Sweet potatoes are abundant in beta-carotene, that your body  converts into vitamin A, a powerful antioxidant. Vitamin A keeps eyes healthy and supports our immune system, bone and skin health.

This tasty frittata is adapted from The Roasting Tin: Deliciously Simple One-Dish Dinners by Rukmini Iyer.

Serves:          4

Prep time:     15 minutes

Cook time:    60 minutes

Ingredients

Ingredients_Oven-baked asparagus and sweet potato frittata
  • 200g sweet potatoes, (we used Stokes purple but any will do), peeled and very thinly sliced

  • 400g potatoes, peeled and thinly sliced

  • 1 red onion, very thinly sliced

  • 1 red pepper, sliced

  • 2 tbsp. olive oil

  • ½ bunch fresh basil, leaves plucked and stalks finely chopped

  • Sea salt and lots of freshly ground black pepper

  • Freshly grated nutmeg

  • 6 eggs

  • 100ml crème fraiche

  • 300g asparagus, woody ends snapped off

  • 30g parmesan cheese

Method

  1. Preheat the oven to 190C fan.
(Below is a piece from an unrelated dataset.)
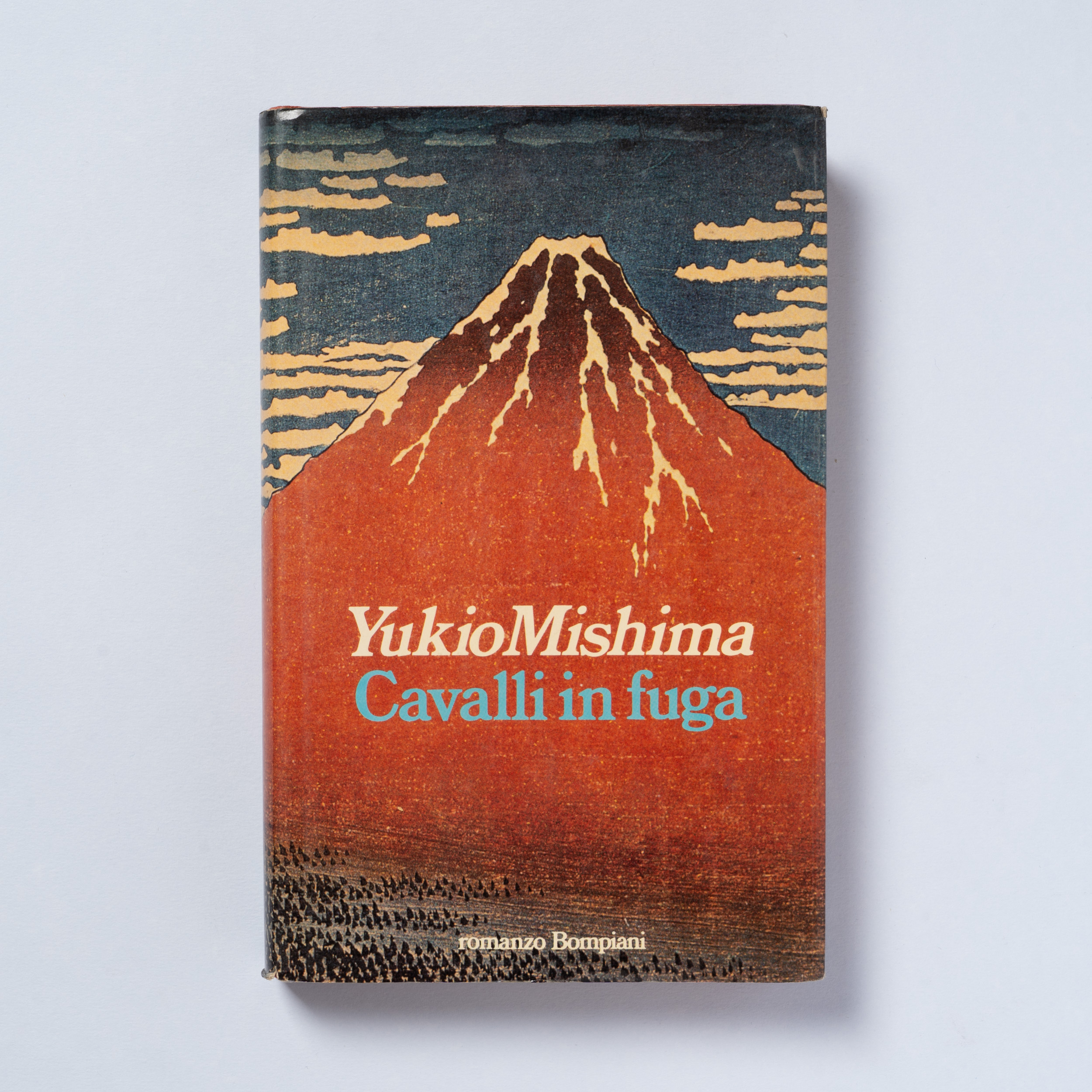 scaldasole-books-cavalli-in-fuga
Tip the potatoes, sweet potatoes and onion into a deep roasting dish and mix well with olive oil, 1 teaspoon of sea salt, a good grind of black pepper and the fresh basil. Cover tightly with foil, then transfer to the oven and roast for 30 min.

  2. Meanwhile whisk the eggs with the crème fraiche. Grate in the nutmeg, season well with sea salt and freshly ground pepper. Once the potatoes and onions have had 30 min, pour the egg mixture all over. Scatter over the asparagus and squash it all down a bit into the egg and potato.

  3. Sprinkle the parmesan, then return the tray to the oven uncovered for a further 25 minutes, until the eggs are just set. Serve hot or cold.